Une conversation avec Céline Huyghebaert

Pendant sa résidence de recherche, Céline Huyghebaert s’habille en chercheuse et occupe le centre de documentation d’Artexte pour prélever des discours relatifs à des artistes contemporaines. 

Céline Huyghebaert / Photo: avec l'aimable permission de l'artiste

Originaire de France, Céline Huyghebaert vit depuis 2002 à Montréal. Artiste, autrice et chercheuse, Céline Huyghebaert construit des œuvres qui circulent entre les arts visuels et la littérature en utilisant le langage comme médium principal. Sa démarche artistique est à mi-chemin entre le documentaire et la fiction. Son travail a été diffusé dans le cadre d’expositions collectives et individuelles, de résidences de création et d’événements au Canada, en Belgique et en France.

J2 Ton projet de résidence à Artexte (Montréal) s’inscrit dans la continuité de ton projet Une femme artiste réalisé dans une résidence à La Chambre Blanche (Québec) en 2016 : tu compiles des documents, recueille des témoignages, et les transforme afin de réaliser une biographie visuelle et textuelle d’une artiste fictive. Entre tes recherches dans la collection de La Chambre Blanche et dans celle d’Artexte, as-tu constaté des changements importants dans l’objectif de ton projet ? Je suis curieuse de savoir ce qui a suscité ton intérêt pour notre collection ?

CH Je travaille depuis plusieurs années sur la constitution d’archives fictives qui dressent le portrait d’une femme artiste actuelle. En 2016, je suis allée faire une résidence de deux mois dans le centre de documentation de La Chambre Blanche. Je commençais tout juste mon projet et je l’ai abordé de manière très expérimentale dans le processus, pas du tout comme l’exige la recherche scientifique. J’ai ouvert les dossiers d’artistes et les livres de la bibliothèque au hasard, parfois guidée par la tranche d’un livre qui m’attirait, parfois par un nom. J’ai dû photocopier et scanner autour de 500 documents venant de monographies, de livres théoriques, de romans, mais aussi de dossiers d’artistes et je suis intervenue dessus.
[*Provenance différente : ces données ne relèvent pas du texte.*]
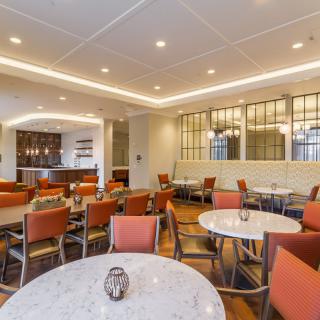 A modern restaurant interior with neatly arranged tables and chairs, featuring warm lighting and stylish decor.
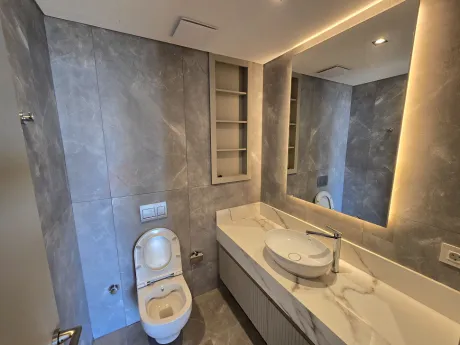 Modern tasarımlı, şık seramik ve armatürlerle donatılmış lüks bir banyo alanı.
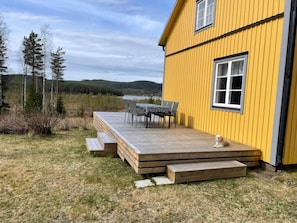 A yellow building with a deck, outdoor seating, and a view of a lake and forest.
Je voulais que tout le processus passe par des matériaux pauvres, peu encombrants et facilement reproductibles, alors je me suis limitée à la photocopieuse pour produire les œuvres.

Image oeuvre de Raymonde April.
Photocopie de l'oeuvre de Raymonde April. Autoportraits avec textes. 1979.

CH Poursuivre à Artexte était une évidence pour moi. Il y a déjà le fait que la collection soit constituée de nombreux documents alternatifs – cartons d’invitation, affiches, zines, démarches d’artistes –, qui me permettent de donner de la consistance à mon personnage, et surtout d’aller là où l’histoire officielle a oublié de regarder, de découvrir des écritures et des œuvres qui ne sont pas dans les monographies ni même dans les revues actuelles.

 

Ce que je n’avais pas prévu, par contre, c’est que la collection contient un nombre étourdissant de documents dédiés aux femmes artistes : les archives de La Centrale sont fascinantes, j’aurais pu photocopier chaque page ; et je n’ai même pas encore réussi à passer à travers toutes les références classées dans les boîtes d’archive consacrées aux femmes dans les arts. Cette abondance m’a permis de resserrer ma recherche pour échapper au danger de l’éparpillement. Ainsi, j’ai décidé de me limiter aux artistes vivantes qui travaillent avec le langage. Mais je suis loin d’avoir terminé ; et chacune de mes visites ouvre de nouvelles portes.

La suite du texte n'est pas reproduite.